The short answer is that information affects the dynamic nature of the material realm, as the material realm brings information into physical existence. What a brain produces is (essentially) a hybrid that possesses physical qualities of both the event-centric material and the event-produced informational. What the human brain produces is a proactive/reactive hybrid that has full awareness of itself as a physical manifestation that exists within an ongoing timeline that features a "now and then", and this is what makes this hybrid "human", as opposed to the hybrid manifestations that are always "in the Now" and incapable of planning or ruminating on the past.

Planning and ruminating (a much deeper level of learning from the past) was a definite advantage for the "human" brain/body survival system, but this survival advantage did come with a profound set of long range ramifications. Let's just say that it wasn't a long walk from "what awaits me?" to "what exists as real?" to "what am I?", even when survival was at stake. When survival wasn't the immediate concern, the questions came fast and furious for those capable of placing themselves within a larger existential context. Inevitably, these emerging minds began caring about their ongoing development once they realized the fact that even though their brains brought them into physical existence, those brains were not what they were. That they could observe their brains' activities as detached observers.

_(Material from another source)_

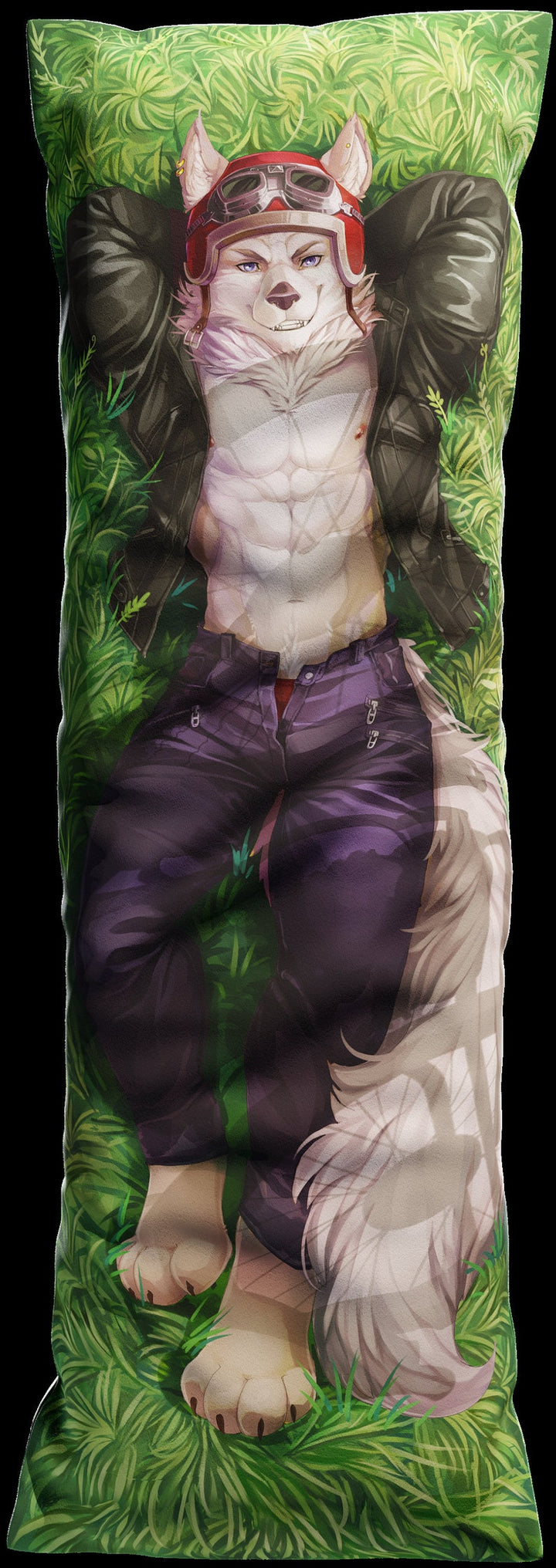 Daki Bernard - Art by Saint cocoa - the Biker Wolf Dakimakura Furry Body Pillow Cover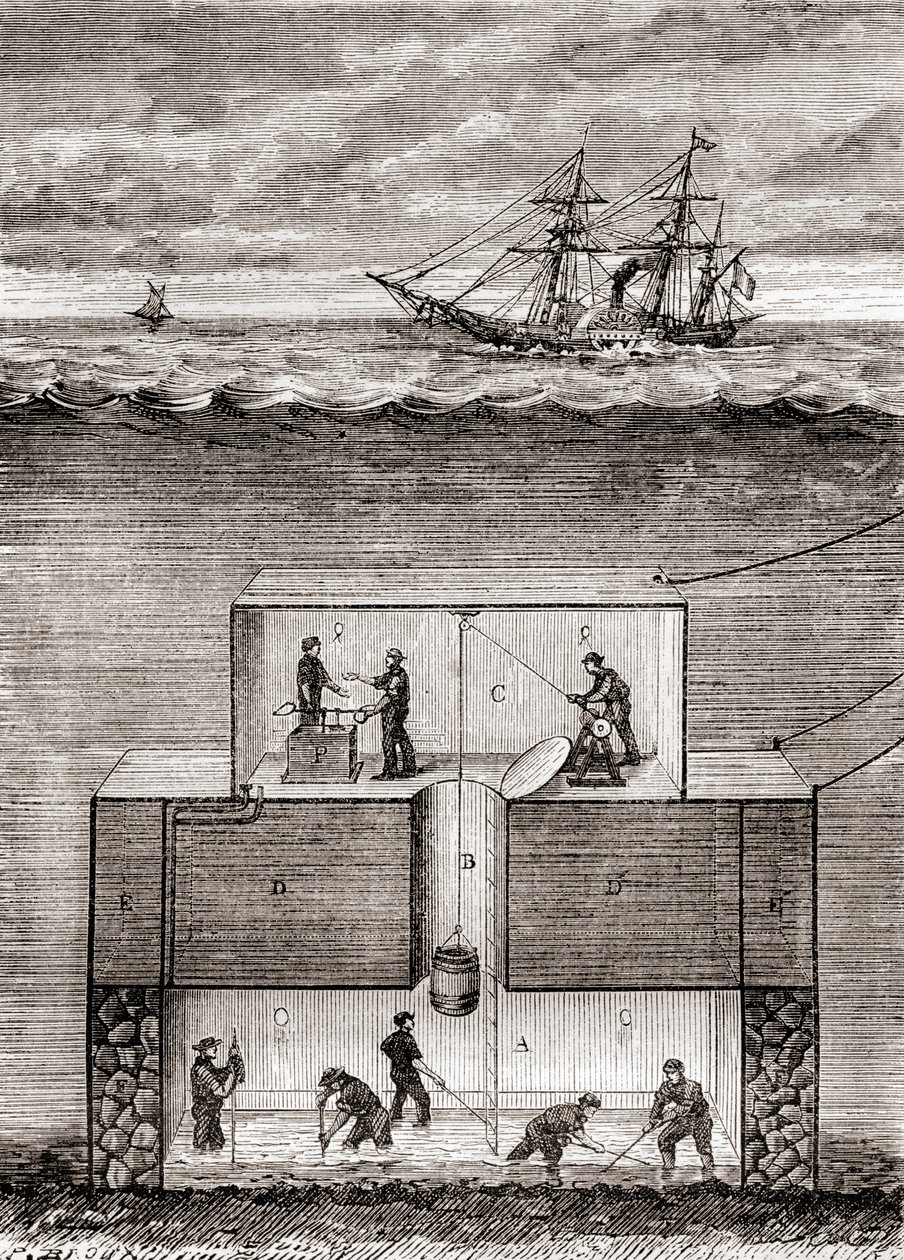 Dr Antoine Prosper Payernes ubåtsångbåt från 1800-talet, kallad "Pyrhydrostat", från "Les Merveilles de la Science", publicerad ca 1870 (gravyr) av French School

It's this capacity for self abstraction and self placement within a progressing change/event trajectory that separates the human mind from all other material brain generations. Yes, this means that there are other forms of 'human being', perhaps even on this planet, since the human being is the dynamic, sentient and sapient informational hybrid that is produced by a brain capable of producing such a thing. Our material brain is a Homo Sapiens hominid brain. It produces our own unique version of human being while it persists as a functional system, and when it dies, our own version of human being is set free into the eternal informational realm as a brand new fully viable resident of that realm.

Basically, the human mind (which is what the human being is) is an emergent system that is unique among other emergent systems in that (1) its ongoing existence isn't dependent on an ongoing confluence of balanced factors (since information is permanent once it has physically emerged) and (2) it pitches in and works to actively affect its own development while the brain is still alive and "generating" additional "burst sets" to add to its gathering mass.

Of course, if the brain is damaged, then the emerging mind is also affected. Being human is the best and worst thing that can happen to anything that exists as physical. The possibilities are wondrous, even as the threats are nightmarish. Basically, we're each epitome expressions of progressive development, and we can only do what we can to develop the best possible version of ourselves with the limited time we've each got with our own brain as the self generating "gestational placenta" that we use it as. That, and hope for the best when it comes to circumstances and the sheer dynamics of this material realm.

That said, it's probably a good thing that when all is said and done, we're each a contextual mixture of every moment of our brain's entire life span of generating the intellect burst sets that have gathered to create and define us. As a dynamic collective, we've each got a much better shot at full range functionality and overall balance.